WHAT YOU ARE ASKED TO DO: Return exactly the lines of the data below, from the one that contains "5758 HOLLINGWORTH TRAIL — photo 21 of 33" through the final line, and leave out every picture.

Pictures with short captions
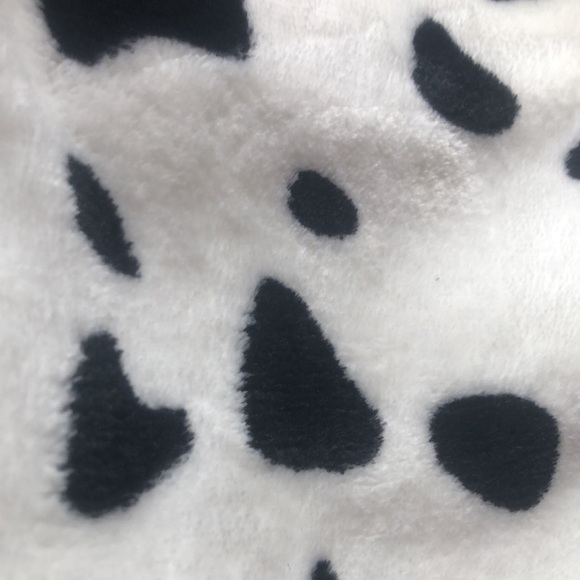 Mini cow print tote .. (SUPER soft) - Picture 5 of 8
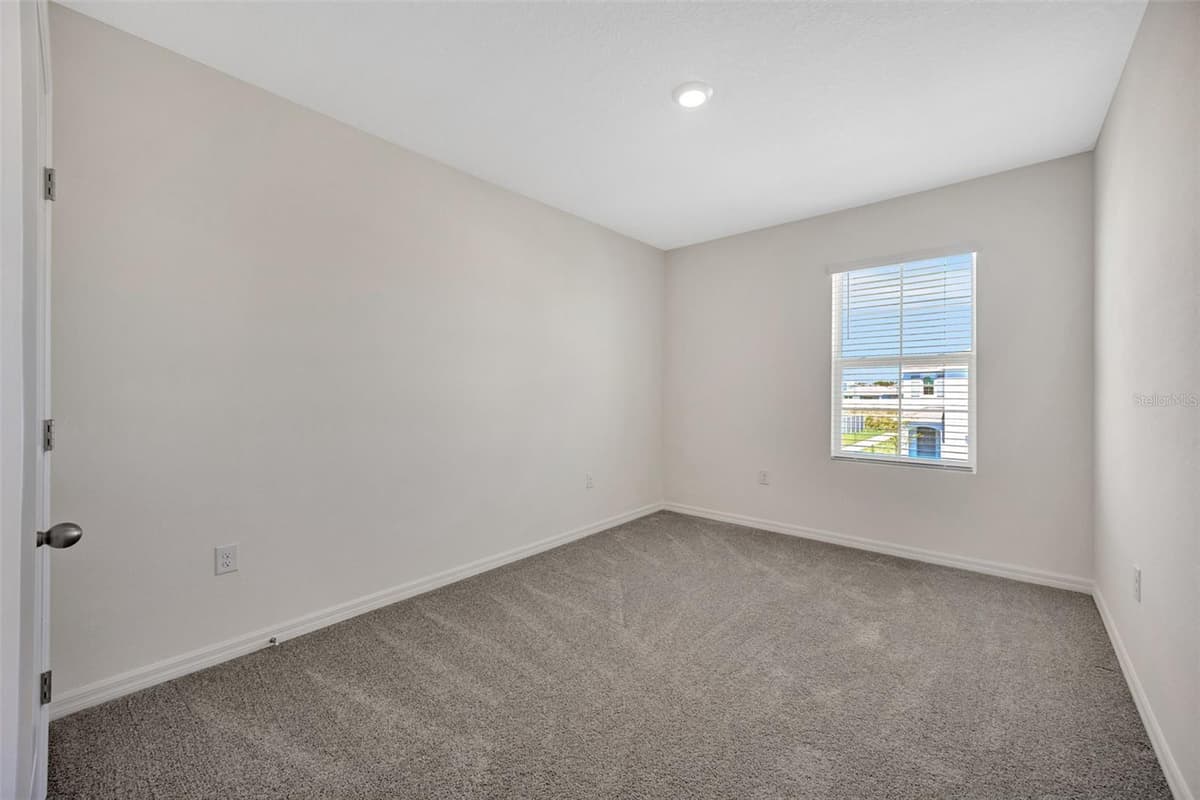 5758 HOLLINGWORTH TRAIL — photo 21 of 33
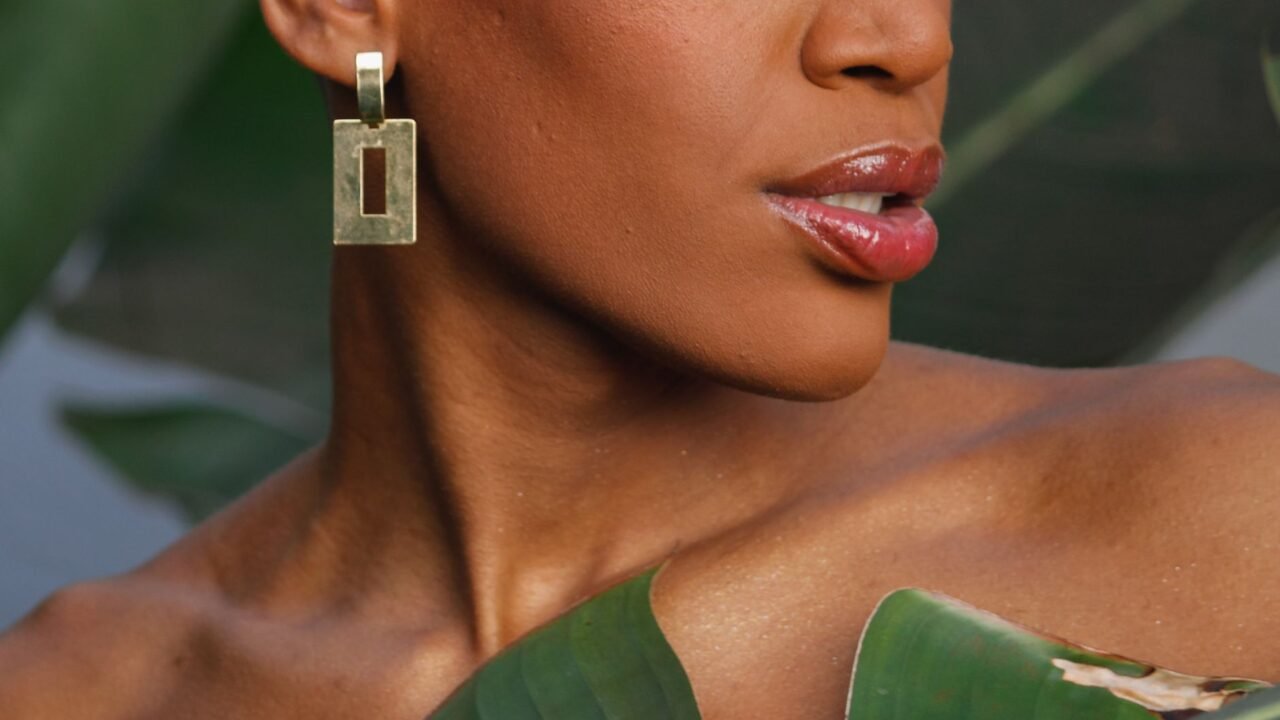 Zendaya’s Earrings Spark Debate Over Ancient Artifact Claims
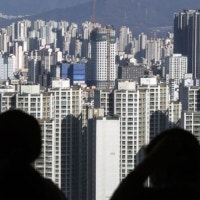 대출규제·尹계엄에 부동산 발길 '뚝'...지역별 양극화도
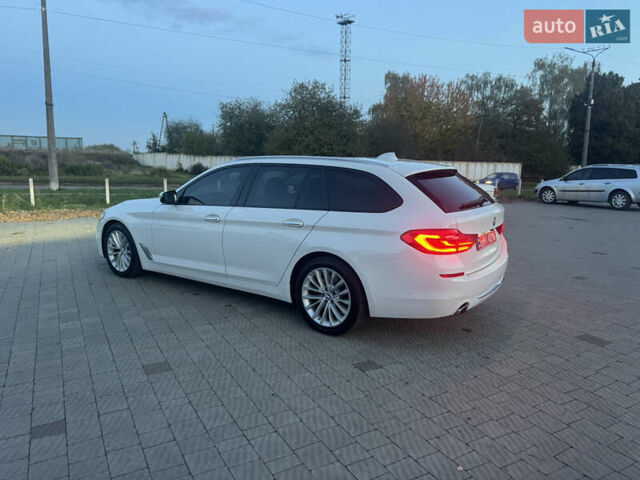 Белый БМВ 5 Серия, объемом двигателя 2.99 л и пробегом 254 тыс. км за 23400 $, фото 26 на Automoto.ua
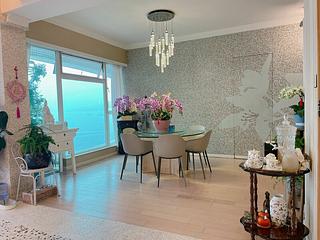 Pok Fu Lam - Villas Sorrento 07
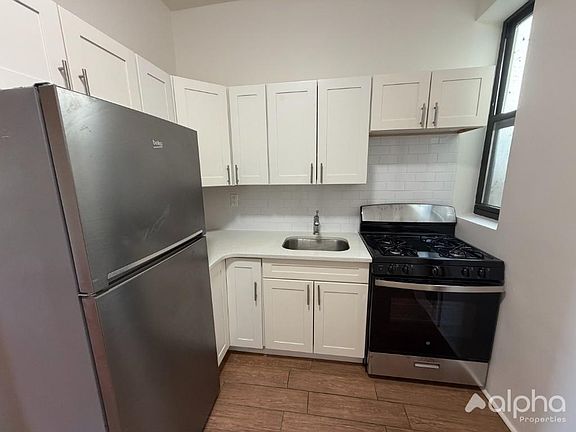 4th image of 231 Henry St #7
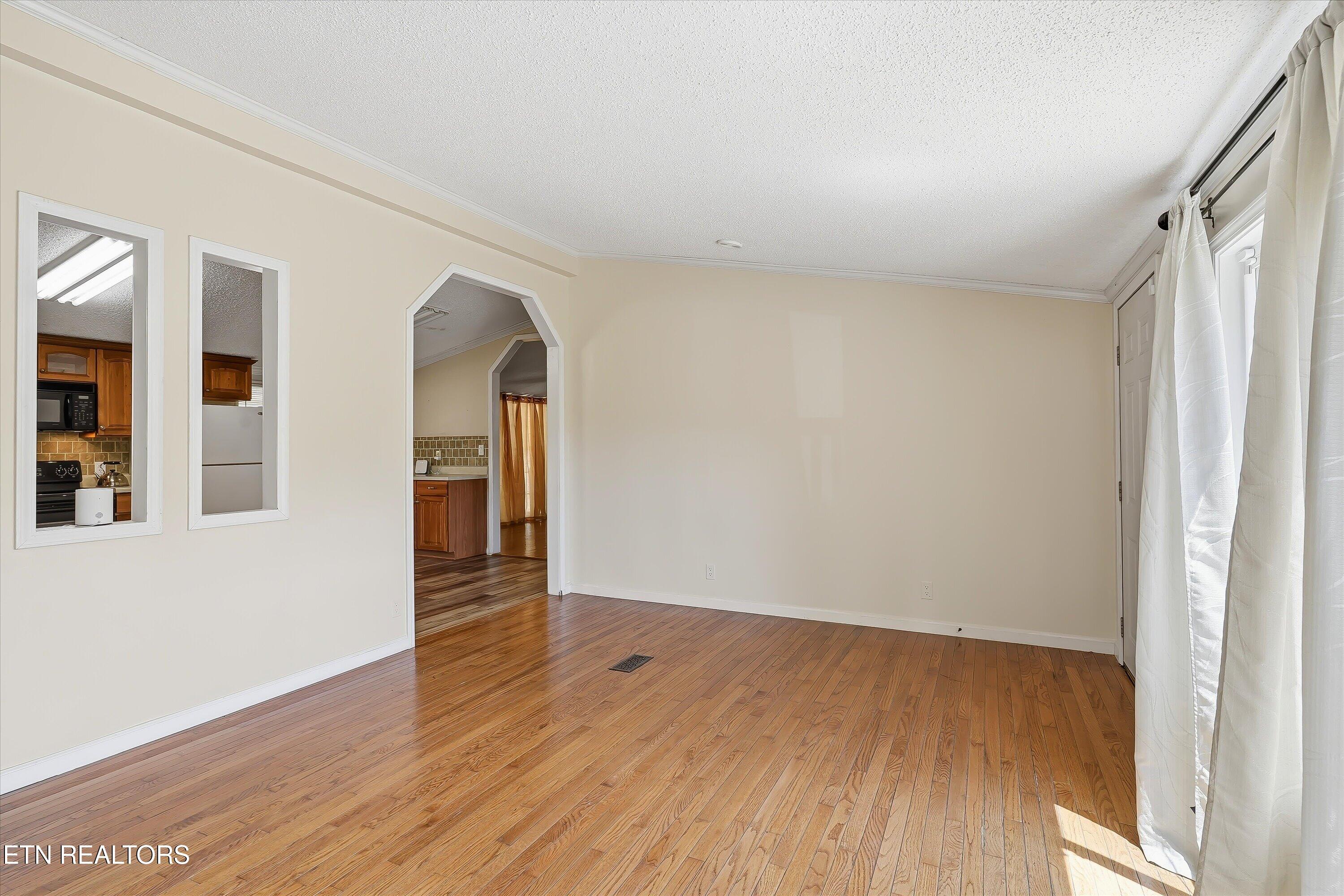 98 Cal Dobson Trail Greeneville TN 37743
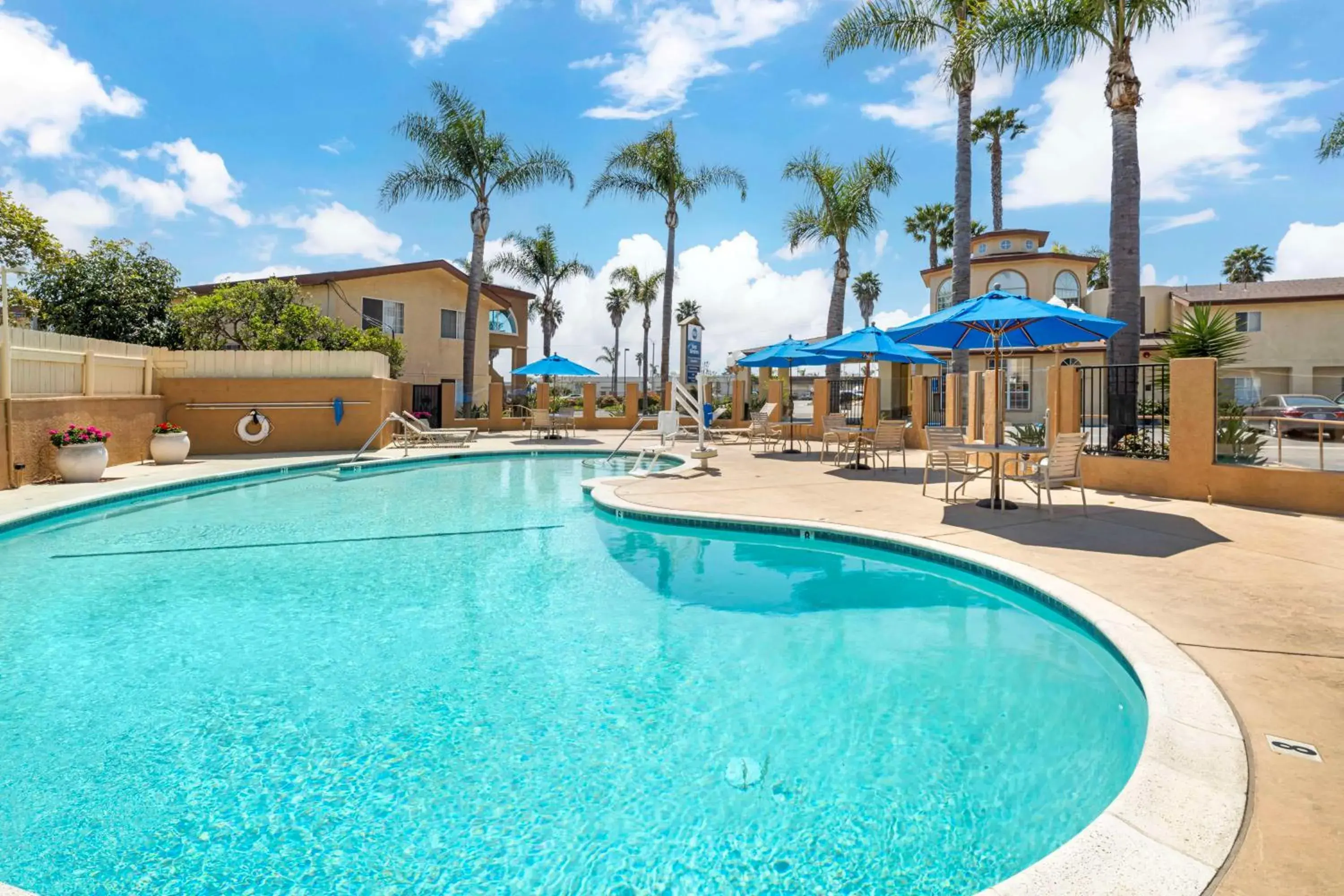 Pool view in Best Western Oxnard Inn Pool view in Best Western Oxnard Inn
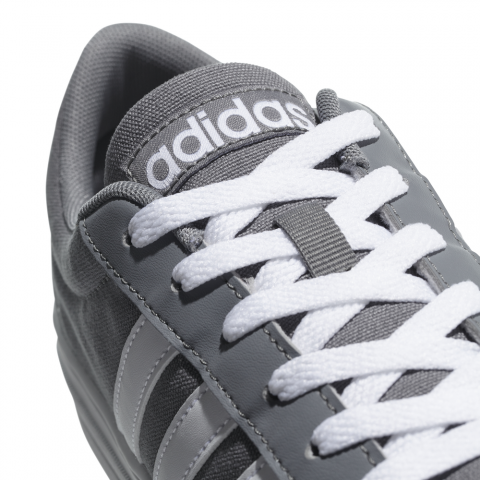 AW3892_FTW_photo_detail-1_white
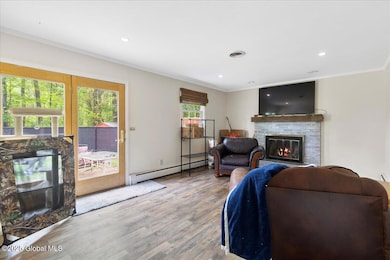 Family room w/gas FP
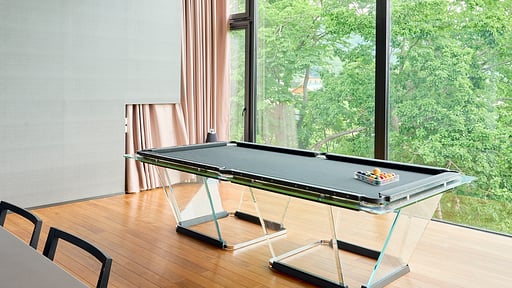 Nero Hirafu Billiard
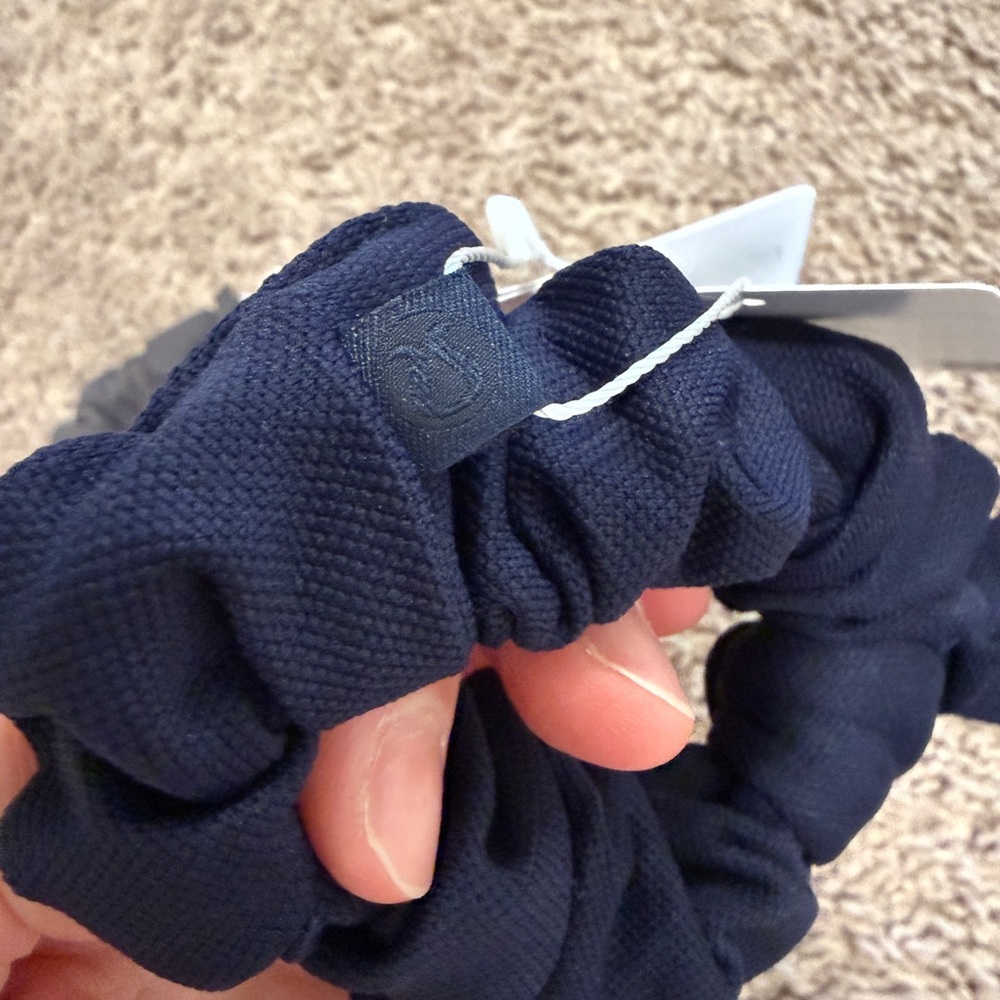 Set of 2 lululemon athletica Navy & Charcoal Bow Scrunchie NWT - Picture 5 of 6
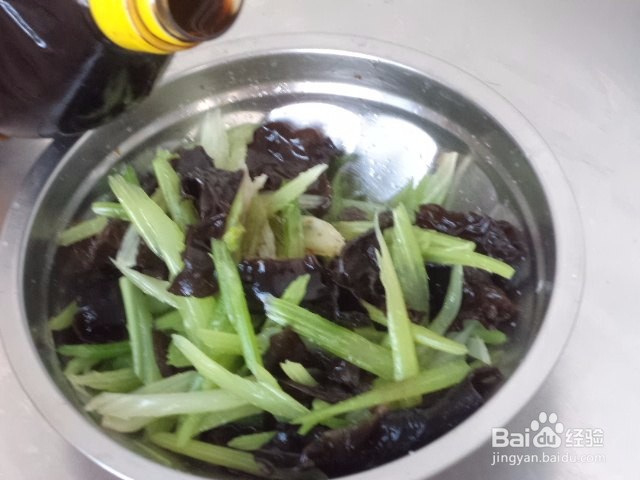 如何做出好吃的黑木耳拌芹菜
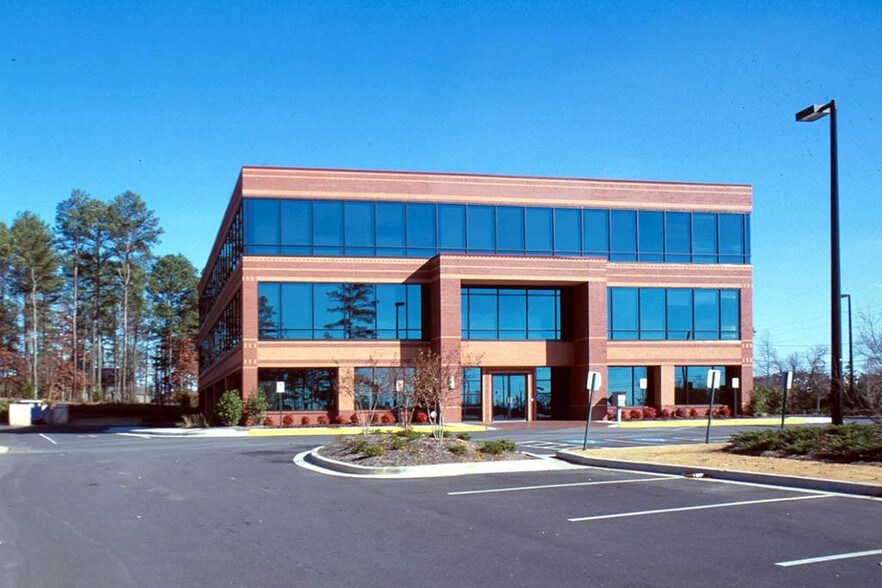 More Photos Of 970 Peachtree Industrial Blvd, Suwanee Office Residential For Lease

OUTPUT OF THE EXERCISE:
 5758 HOLLINGWORTH TRAIL — photo 21 of 33
 Zendaya’s Earrings Spark Debate Over Ancient Artifact Claims
 대출규제·尹계엄에 부동산 발길 '뚝'...지역별 양극화도
 Белый БМВ 5 Серия, объемом двигателя 2.99 л и пробегом 254 тыс. км за 23400 $, фото 26 на Automoto.ua
 Pok Fu Lam - Villas Sorrento 07
 4th image of 231 Henry St #7
 98 Cal Dobson Trail Greeneville TN 37743
 Pool view in Best Western Oxnard Inn Pool view in Best Western Oxnard Inn
 AW3892_FTW_photo_detail-1_white
 Family room w/gas FP
 Nero Hirafu Billiard
 Set of 2 lululemon athletica Navy & Charcoal Bow Scrunchie NWT - Picture 5 of 6
 如何做出好吃的黑木耳拌芹菜
 More Photos Of 970 Peachtree Industrial Blvd, Suwanee Office Residential For Lease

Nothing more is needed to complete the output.